ROANOKE TIMES

                         Roanoke Times
                 Copyright (c) 1995, Landmark Communications, Inc.

DATE: MONDAY, November 6, 1995                   TAG: 9511060018
SECTION: MONEY PAGE                    PAGE: A10   EDITION: METRO 
SOURCE: MAG POFF STAFF WRITER
DATELINE:                                 LENGTH: Long


WORKING IT OUT

ARE you thinking of giving up one of your family's two jobs so that one spouse, usually the wife, can stay home to take care of the kids?

If so, you may find that the move will involve only a small financial sacrifice if you plan properly.

The Virginia Society of Certified Public Accountants says the need to care for children or elderly parents has caused many dual-income households to consider walking away from a good job with a reliable salary.

But, the society said, many two-income families overestimate the real value of a second income. Much of its financial advantage can be eroded by expenses associated with dual careers.

That means you should take a hard look at the economic value of the second income.

The first item to look at is taxes. First, determine the taxes you pay on the two combined incomes. Then compute the taxes on one income and subtract the difference.

The society gave the example of a couple with annual earnings of $35,000 and $15,000 that pays about $12,000 in taxes on their combined earnings. If only one spouse worked and earned $35,000, the couple would pay $8,000 in taxes.

That means the second $15,000 income causes $4,000 ($12,000 minus $8,000) in additional taxes, reducing its real after-tax value to about $11,000.

Once you determine the after-tax value of the second income, deduct the costs associated with earning that second salary, such as child care, commuting, clothing and lunch expenses.

Irene Leech, family finance specialist with the Virginia Tech Cooperative Extension Service, said you should not consider just the salary and overlook the benefits of the job.

The job may provide health insurance, she pointed out. The working spouse might add the stay-at-home partner to his own coverage at the office, but this will cost extra money that must be put onto the scales.

The same is true of disability coverage, which some companies offer and which might be lost. The nonworking spouse probably could not qualify for coverage.

Most important, she said, don't forget the long-term implications of losing pension benefits.

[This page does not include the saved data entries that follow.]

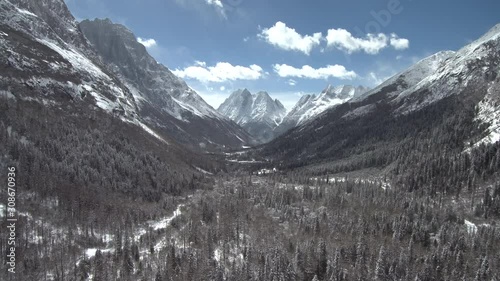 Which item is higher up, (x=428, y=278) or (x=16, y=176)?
(x=16, y=176)

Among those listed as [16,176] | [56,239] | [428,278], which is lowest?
[428,278]

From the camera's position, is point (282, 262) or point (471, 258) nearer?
point (282, 262)

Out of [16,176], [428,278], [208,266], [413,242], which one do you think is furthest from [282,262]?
[16,176]

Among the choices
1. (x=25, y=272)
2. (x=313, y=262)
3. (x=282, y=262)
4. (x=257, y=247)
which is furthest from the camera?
(x=257, y=247)

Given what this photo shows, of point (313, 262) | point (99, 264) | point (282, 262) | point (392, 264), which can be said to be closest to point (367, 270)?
point (392, 264)

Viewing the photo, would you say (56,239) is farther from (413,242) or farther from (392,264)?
(413,242)

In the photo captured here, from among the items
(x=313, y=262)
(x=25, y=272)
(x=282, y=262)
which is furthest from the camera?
(x=313, y=262)

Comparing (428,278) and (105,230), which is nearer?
(428,278)

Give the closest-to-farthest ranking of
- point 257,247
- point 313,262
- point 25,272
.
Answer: point 25,272, point 313,262, point 257,247

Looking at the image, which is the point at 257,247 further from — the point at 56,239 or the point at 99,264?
the point at 56,239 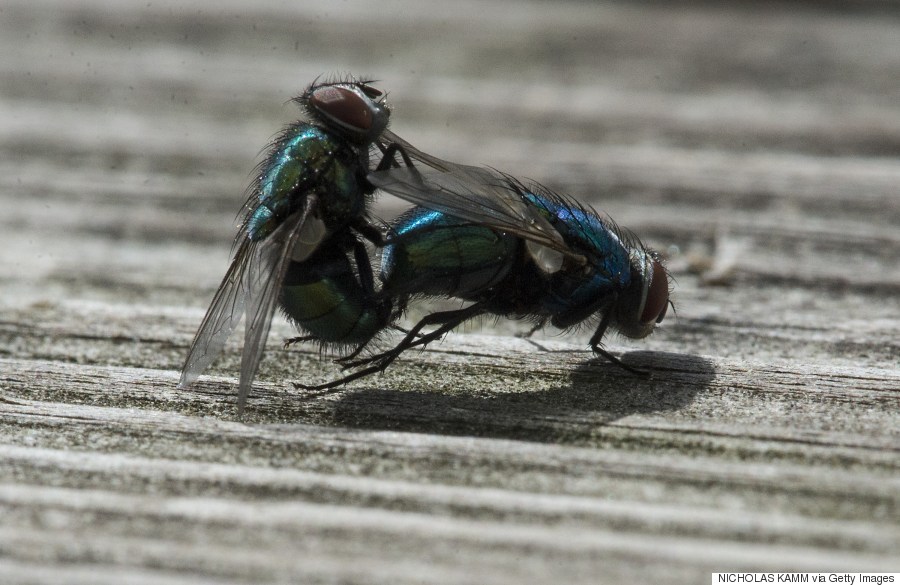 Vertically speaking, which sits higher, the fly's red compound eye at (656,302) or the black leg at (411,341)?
the fly's red compound eye at (656,302)

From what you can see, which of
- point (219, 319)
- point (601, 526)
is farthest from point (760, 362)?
point (219, 319)

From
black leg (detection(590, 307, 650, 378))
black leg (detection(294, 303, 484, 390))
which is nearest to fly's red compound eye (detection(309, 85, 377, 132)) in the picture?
black leg (detection(294, 303, 484, 390))

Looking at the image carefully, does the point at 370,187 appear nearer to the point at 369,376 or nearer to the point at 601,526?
the point at 369,376

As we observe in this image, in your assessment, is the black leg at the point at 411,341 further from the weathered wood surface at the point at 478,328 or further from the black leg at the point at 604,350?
the black leg at the point at 604,350

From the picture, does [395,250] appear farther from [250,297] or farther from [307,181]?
[250,297]

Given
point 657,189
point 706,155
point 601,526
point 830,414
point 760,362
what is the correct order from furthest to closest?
point 706,155 → point 657,189 → point 760,362 → point 830,414 → point 601,526

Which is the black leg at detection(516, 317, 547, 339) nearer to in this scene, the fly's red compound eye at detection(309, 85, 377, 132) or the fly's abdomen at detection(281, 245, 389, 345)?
the fly's abdomen at detection(281, 245, 389, 345)

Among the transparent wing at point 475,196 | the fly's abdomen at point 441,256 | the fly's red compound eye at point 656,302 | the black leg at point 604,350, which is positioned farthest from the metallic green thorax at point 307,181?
the fly's red compound eye at point 656,302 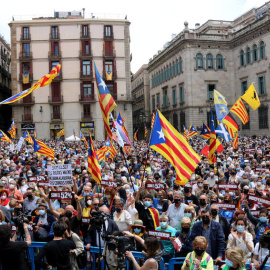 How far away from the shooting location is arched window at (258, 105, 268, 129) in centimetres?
3917

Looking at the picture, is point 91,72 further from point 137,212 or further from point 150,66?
point 137,212

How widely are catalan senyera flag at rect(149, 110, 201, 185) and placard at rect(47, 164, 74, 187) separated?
78.7 inches

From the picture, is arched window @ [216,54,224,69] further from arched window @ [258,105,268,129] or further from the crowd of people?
the crowd of people

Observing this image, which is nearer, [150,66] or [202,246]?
[202,246]

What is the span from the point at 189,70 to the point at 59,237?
42.6 m

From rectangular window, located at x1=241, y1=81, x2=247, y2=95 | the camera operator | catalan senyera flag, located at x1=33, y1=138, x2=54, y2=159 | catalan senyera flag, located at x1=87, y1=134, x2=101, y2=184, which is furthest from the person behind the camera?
rectangular window, located at x1=241, y1=81, x2=247, y2=95

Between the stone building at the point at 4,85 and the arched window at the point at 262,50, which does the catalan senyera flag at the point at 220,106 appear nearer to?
the arched window at the point at 262,50

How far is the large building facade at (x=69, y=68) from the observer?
150ft

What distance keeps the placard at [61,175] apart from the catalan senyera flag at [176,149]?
1998mm

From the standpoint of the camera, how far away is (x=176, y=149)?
313 inches

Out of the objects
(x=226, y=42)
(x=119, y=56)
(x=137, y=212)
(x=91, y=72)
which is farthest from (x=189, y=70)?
(x=137, y=212)

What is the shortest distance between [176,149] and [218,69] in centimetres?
4084

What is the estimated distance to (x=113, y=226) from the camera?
618cm

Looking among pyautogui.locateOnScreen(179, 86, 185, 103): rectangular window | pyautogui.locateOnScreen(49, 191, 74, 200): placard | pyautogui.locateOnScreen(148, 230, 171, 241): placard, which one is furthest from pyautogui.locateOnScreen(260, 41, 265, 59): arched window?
pyautogui.locateOnScreen(148, 230, 171, 241): placard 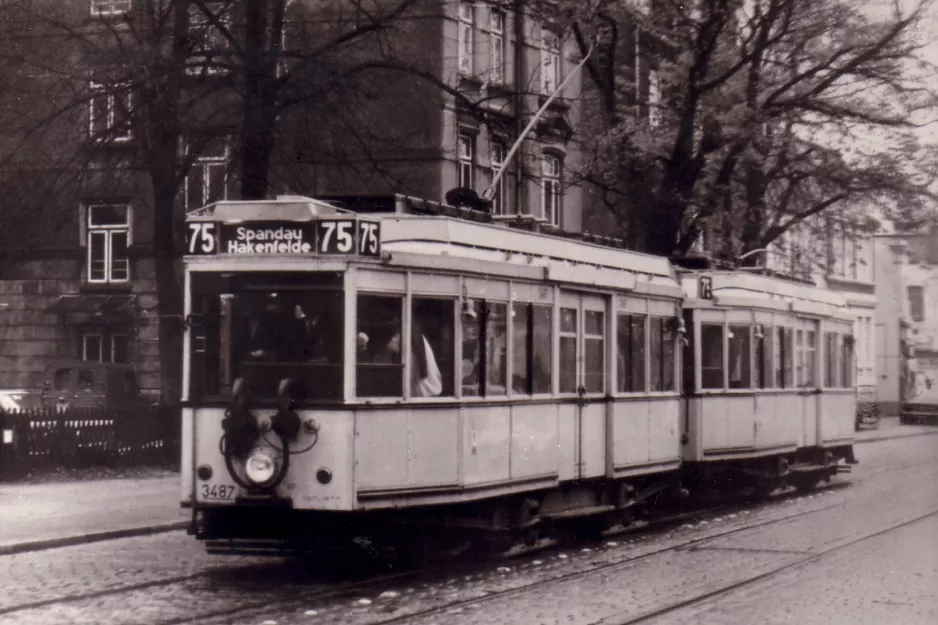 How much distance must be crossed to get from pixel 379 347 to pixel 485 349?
1692 millimetres

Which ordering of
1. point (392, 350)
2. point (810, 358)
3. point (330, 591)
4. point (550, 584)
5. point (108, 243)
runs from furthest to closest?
point (108, 243) → point (810, 358) → point (550, 584) → point (392, 350) → point (330, 591)

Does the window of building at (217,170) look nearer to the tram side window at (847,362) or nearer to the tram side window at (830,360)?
the tram side window at (830,360)

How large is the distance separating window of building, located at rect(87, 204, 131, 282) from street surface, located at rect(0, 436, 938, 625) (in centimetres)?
2339

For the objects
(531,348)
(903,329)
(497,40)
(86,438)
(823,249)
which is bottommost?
(86,438)

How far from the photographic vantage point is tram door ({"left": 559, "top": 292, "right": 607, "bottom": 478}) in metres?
16.6

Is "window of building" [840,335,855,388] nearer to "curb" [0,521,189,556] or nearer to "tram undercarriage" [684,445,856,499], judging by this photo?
"tram undercarriage" [684,445,856,499]

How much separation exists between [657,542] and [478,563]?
3.03 meters

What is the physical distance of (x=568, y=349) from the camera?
16.7m

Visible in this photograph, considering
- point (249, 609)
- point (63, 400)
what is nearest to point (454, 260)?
point (249, 609)

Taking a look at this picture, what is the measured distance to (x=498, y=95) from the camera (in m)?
22.5

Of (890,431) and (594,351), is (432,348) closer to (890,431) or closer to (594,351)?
(594,351)

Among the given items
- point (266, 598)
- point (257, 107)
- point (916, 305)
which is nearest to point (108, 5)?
point (257, 107)

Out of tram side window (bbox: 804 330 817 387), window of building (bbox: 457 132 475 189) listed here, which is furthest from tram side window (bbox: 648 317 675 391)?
window of building (bbox: 457 132 475 189)

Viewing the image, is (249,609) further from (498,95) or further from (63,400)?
(63,400)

Retirement may seem a very long time away when the children are in diapers, but the day will come when it matters that a nonworking spouse lacks a pension.

This benefit would be given up during an era when we are expected to be more and more responsible for our own retirement program, Leech said.

Leech said one way to offset the lost pension plan is to set up two IRA accounts, but the cost would have to be borne by the surviving salary.

Still, the CPAs said, you have the opportunity to subtract costs associated with conveniences that help you cope with being a dual-career family.

For example, many two-income families spend a great deal of money for housecleaning, laundry services, landscaping and restaurant and takeout meals. If a spouse stays at home, these expenses often can be cut by at least half, the CPAs said.

Once the work-associated and discretionary expenses are deducted from your second income, you may be surprised at what you're left with. The couple who thought they were bringing home an extra $15,000 in earnings may discover that they end up with $5,000 or $6,000 in disposable income, the CPAs said.

Leech said the stay-at-home spouse still may be able to earn some income. You can, for instance, baby-sit with another child. Or you may be able to turn a hobby or skill, such as pottery or photography, into a profitable venture. Anyone with a home computer and proficiency in using it might earn income from that source.

The CPAs said the effect of giving up a second income depends on your family's financial situation. It may mean you need to put your college savings and retirement funding plans on hold for a while. It may even require occasionally dipping into your savings. The CPAs offered several learn-to-live-on-less strategies:

Slash insurance costs by raising deductibles on your homeowner's and auto insurance policies. Drop collision coverage on a car that is paid for and is more than 5 years old.

If you have the option, change your health insurance from a traditional plan to the type offered by managed-care companies.

Watch your utility bills. Turn off lights and appliances when they're not in use.

Limit the number of credit cards you use to one or two, and keep consumer debts and credit card charges to a minimum.

Join a car pool or take public transportation to work.

Develop new spending habits. Curtail your entertainment costs by opting for cheaper vacations and by dining at home more frequently. Instead of going to the movies, rent a video. Instead of buying books and CDs, borrow them from the library.

Before you relinquish a job, the CPAs said, be certain you have set aside at least six months' worth of living expenses in an emergency fund. You'll want to be sure you can withdraw money from the fund easily, and be sure to keep it separate from your other savings.

The CPAs also pointed out that it's especially important for the remaining wage earner to have sufficient disability coverage. Review the plan from your employer, because it may provide for a long waiting period, a limited coverage period or a low proportion of your salary. It's often wise to obtain additional disability coverage on your own.

Finally, Leech said, more than money is involved in the decision to quit work. She urged the spouse considering such a move to weigh "the emotional pieces" of leaving the workplace.

Before you relinquish a job, the Virginia Society of Certified Public Accountants said, be certain you have set aside at least six months' worth of living expenses in an emergency fund.